━━━━━ Entries provided ━━━━━
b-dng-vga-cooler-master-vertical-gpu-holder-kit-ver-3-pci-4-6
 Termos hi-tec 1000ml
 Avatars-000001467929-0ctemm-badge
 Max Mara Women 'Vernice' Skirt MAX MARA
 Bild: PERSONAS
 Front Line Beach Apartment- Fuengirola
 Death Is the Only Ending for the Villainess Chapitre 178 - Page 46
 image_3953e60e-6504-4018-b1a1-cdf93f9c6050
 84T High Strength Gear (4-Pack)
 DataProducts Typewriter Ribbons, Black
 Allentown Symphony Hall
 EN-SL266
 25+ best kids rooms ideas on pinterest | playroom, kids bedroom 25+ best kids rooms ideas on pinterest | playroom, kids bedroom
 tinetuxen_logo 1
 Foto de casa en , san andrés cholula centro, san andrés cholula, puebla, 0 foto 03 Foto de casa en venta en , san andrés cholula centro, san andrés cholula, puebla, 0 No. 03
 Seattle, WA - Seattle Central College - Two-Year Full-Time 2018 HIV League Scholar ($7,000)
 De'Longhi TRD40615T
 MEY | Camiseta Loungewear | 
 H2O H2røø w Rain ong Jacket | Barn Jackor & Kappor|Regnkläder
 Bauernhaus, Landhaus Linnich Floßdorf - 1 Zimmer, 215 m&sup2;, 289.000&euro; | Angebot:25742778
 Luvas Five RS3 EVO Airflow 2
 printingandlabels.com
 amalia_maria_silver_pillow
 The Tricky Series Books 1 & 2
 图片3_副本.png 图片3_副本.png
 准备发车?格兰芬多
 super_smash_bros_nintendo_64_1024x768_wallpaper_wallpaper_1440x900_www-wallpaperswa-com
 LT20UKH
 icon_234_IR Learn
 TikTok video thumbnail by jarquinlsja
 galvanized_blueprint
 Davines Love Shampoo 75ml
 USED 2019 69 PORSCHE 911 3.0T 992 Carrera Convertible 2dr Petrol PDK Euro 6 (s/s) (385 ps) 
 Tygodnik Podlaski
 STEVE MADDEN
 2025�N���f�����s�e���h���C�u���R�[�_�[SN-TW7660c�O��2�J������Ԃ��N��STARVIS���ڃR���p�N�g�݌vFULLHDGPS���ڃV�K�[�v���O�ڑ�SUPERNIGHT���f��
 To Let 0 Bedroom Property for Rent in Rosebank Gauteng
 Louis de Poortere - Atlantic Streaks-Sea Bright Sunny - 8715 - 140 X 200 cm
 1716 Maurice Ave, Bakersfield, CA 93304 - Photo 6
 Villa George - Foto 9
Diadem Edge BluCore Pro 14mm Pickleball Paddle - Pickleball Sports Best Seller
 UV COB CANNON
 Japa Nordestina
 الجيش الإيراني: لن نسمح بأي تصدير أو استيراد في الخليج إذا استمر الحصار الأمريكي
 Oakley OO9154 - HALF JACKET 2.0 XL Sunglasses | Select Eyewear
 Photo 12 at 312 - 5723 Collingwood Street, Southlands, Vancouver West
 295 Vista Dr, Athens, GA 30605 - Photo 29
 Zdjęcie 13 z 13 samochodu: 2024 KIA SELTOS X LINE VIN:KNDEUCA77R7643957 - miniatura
━━━━━
## Problem details:
Retype, exactly as written, each line from the one containing "الجيش الإيراني: لن" through the last line of the listing above, and leave out all other lines.

## Completed exercise:
 الجيش الإيراني: لن نسمح بأي تصدير أو استيراد في الخليج إذا استمر الحصار الأمريكي
 Oakley OO9154 - HALF JACKET 2.0 XL Sunglasses | Select Eyewear
 Photo 12 at 312 - 5723 Collingwood Street, Southlands, Vancouver West
 295 Vista Dr, Athens, GA 30605 - Photo 29
 Zdjęcie 13 z 13 samochodu: 2024 KIA SELTOS X LINE VIN:KNDEUCA77R7643957 - miniatura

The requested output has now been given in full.